In his article “Peut-il exister une logique de la notation musicale?”, Jean-Marie Chevalier underlines the importance of the relationality of the score and puts it in dialogue with musical perception, which “also rests, and perhaps above all, on the perception of relationships between sounds. When we listen to a melody or a piece of music, writes Chevalier, it is not only, and perhaps not most importantly, a succession of sounds that we each value for what they are individually, but a totality whose structure we grasp”. It is probably in light of the fact that it is by hypothetical inference that we have the ability to grasp a continuous structure that makes up musical emotion that Chevalier affirms that the understanding of music is both “essentially metaphorical” and an affair of the emotional interpretant. He clarifies: “The metaphor is often interpreted as a form of a second-order diagram, a sort of relationship between diagrams : rather than representing relations by analogy with other analogous relations, the metaphor represents in this way the whole representative process”. If in listening to music we start off right on the cognitive level of metaphorical understanding, then, Chevalier concludes, a unified understanding of music must imply all the three levels of iconicity. More specifically he suggests as indispensable for the philosophical analysis of the stakes of music three levels of iconicity of music, namely metaphor-sense, interval-diagram, and sound-image.

These three iconic aspects resonate with Christian Hauer’s three “flows of narrativity” : “The first flow of narrativity is called ‘substance’ : it corresponds to primary narrativity, that which is present in all music, in the sound itself. The second flow of narrativity is called ‘framework’ : it corresponds to the way time is organized, or problematized, in a work, a style, an era. The third flow of narrativity is called ‘plot’ : it corresponds to the emplotment of a work”. Hauer’s main concern is to give a “post-classical” analysis of the musical plot that does away with the idea that there would be an “ontological” musical time whose logic or structure could be analyzed by means of comparison with an underlying, original, absolute time. Quoting from Wittgenstein here, Hauer insists that there is no temporality that would preexist as an outward subject. “Time is in us”, Hauer writes “[…]we are the subject of time, and not the other way around”. Hauer shows how the temporal framework within which every (musical) plot necessarily falls, is the product of collective and individual ways of problematizing time, or in other words, of what he calls “framework narrativity”. And naturally, these two semiotic flows of narrativity both rely on the third, or rather first, flow, or “substance narrativity”, which permeates all music. Substance narrativity, Hauer concludes, is “the ‘sound of form’, which rustles with all the sounds in the world. And music – all music – as it resounds, makes one hear “the very rustling of the ‘there is’...”.

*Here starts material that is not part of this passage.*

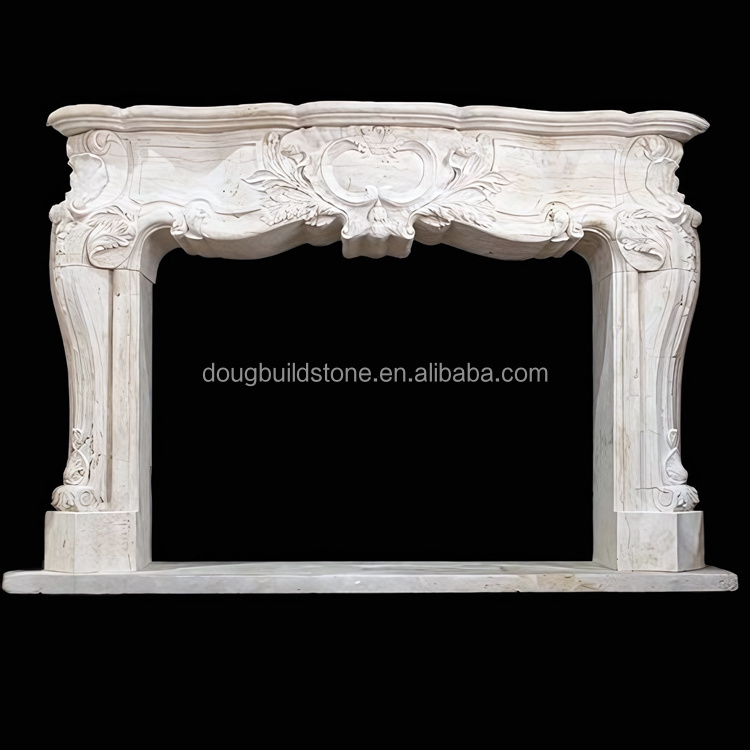 Dougbuild Louis XV Roman Travertine Fireplace Marble Stone Fireplace TV Stands With Fireplace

Mark Reybrouk is also concerned with the concept of time, but in a different way. He points out that there are problems and advantages to the fact that in studies of music the static score has traditionally been a primary object of inquiry. “Such synoptic overview has the advantage of simultaneity and virtuality : all the symbols are there at once, be it at a representational or virtual level of reality. Sounding music, however, is a temporal art, and listening to music involves the consumption of time”. Evoking Kant, Brentano and Husserl on the possibility of synthetic acts of consciousness, Reybrouk presses not only for an epistemic distinction between what he calls, following Lehrdahl (1988), “composing and listening grammars”. He also more generally urges a more dynamic definition of musical sense-making that is able to comprehend “musical events as higher-order variables that can be defined as functions of time”.

It is the difficulty to conceptually unite disparate understandings of music that is also at the heart of Alessandro Arbo’s paper. Arbo is seeking a solution to the apparent ontological paradox according to which the aesthetic characteristics of a musical object are at the same time fixed and very volatile. The idea is that a listener with more contextual knowledge about where to locate a piece of music in the history of ideas or that of the arts will perceive a completely different object than another listener with little or no such background knowledge. Arbo takes time to carry out a detailed perceptual-epistemological analysis of how musical meaning-making could be organized. How much of the perceived qualities stems from intention, how much lies in an ad-hoc perception, and how much belongs to the musical object itself? His solution to the apparent ontological paradox consists in proposing two epistemologically different types of listening or understanding musical objects : as music (“entendre comme musique”) and as work (“entendre comme oeuvre”).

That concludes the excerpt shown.